Dogsledding terrain is turning to mush: How climate change forces Iditarod to adapt

Getty Images – STOCK

(ANCHORAGE, Alaska.) — For the first time in 25 years of running dogsledding tours, Tanya McCready must invest in snowmaking equipment.

The vanishing snow along the trails she mushes her sled dogs and the once frozen lake she says is no longer safe to cross signify a changing climate — and the shortest winter season in her career.

“We’ve talked about it for years,” McCready, co-owner of Winterdance Dogsled Tours in Canada and author of “Journey of 1000 Miles: A Musher and His Huskies’ Journey on the Yukon Quest’s Century Old Klondike Trails,” told ABC News. “But this year, we can’t put off the financial impact of not being able to control the snow any longer, it’s just too huge.”

Dogsledding has transitioned from a once-vital form of transportation in snow-covered regions to a popularized cross-country recreation that commemorates the history of the North.

But as the effects of climate change impact the iciest of landscapes, experts say dogsledding recreation and competition have faced several obstacles and grown more dangerous as the terrain diminishes and the weather warms.

“When you live in an area where the weather impacts the economics of your business, you’re just so cognizant of all the changes over 10, 20 years,” McCready said. “It impacts your running schedule and your training schedule because you have to stop when it’s too warm for the dogs.”

Increased temperatures, lack of snow and ground changes have forced the Iditarod Trail Dog Sled Race, a longstanding Alaskan competition, to adapt to its changing environment.

Alaska has warmed more than twice as rapidly as the contiguous United States with average annual air temperature increasing by 3 degrees Fahrenheit and average winter temperatures rising by 6 degrees Fahrenheit, according to the National Climate Assessment.

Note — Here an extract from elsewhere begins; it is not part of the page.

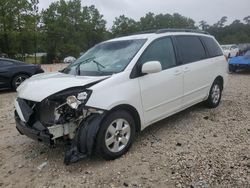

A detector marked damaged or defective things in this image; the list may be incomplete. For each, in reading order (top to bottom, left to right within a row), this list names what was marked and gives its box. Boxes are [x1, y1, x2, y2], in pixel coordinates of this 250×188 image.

crumpled hood [16, 71, 108, 101]
broken front bumper [14, 114, 53, 145]
damaged front end of minivan [14, 83, 106, 164]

The 52nd annual Iditarod began on March 2 and saw victory on March 12 when Dallas Seavey completed the competition in nine days, two hours, and 16 minutes. The Iditarod continues until every team crosses the finish line.

“Oh, gosh, this year’s journey has been a combination of a lot of different events, and it’s not even finished yet,” Chas St. George, Chief Operations Officer of Iditarod Trail Committee, told ABC News.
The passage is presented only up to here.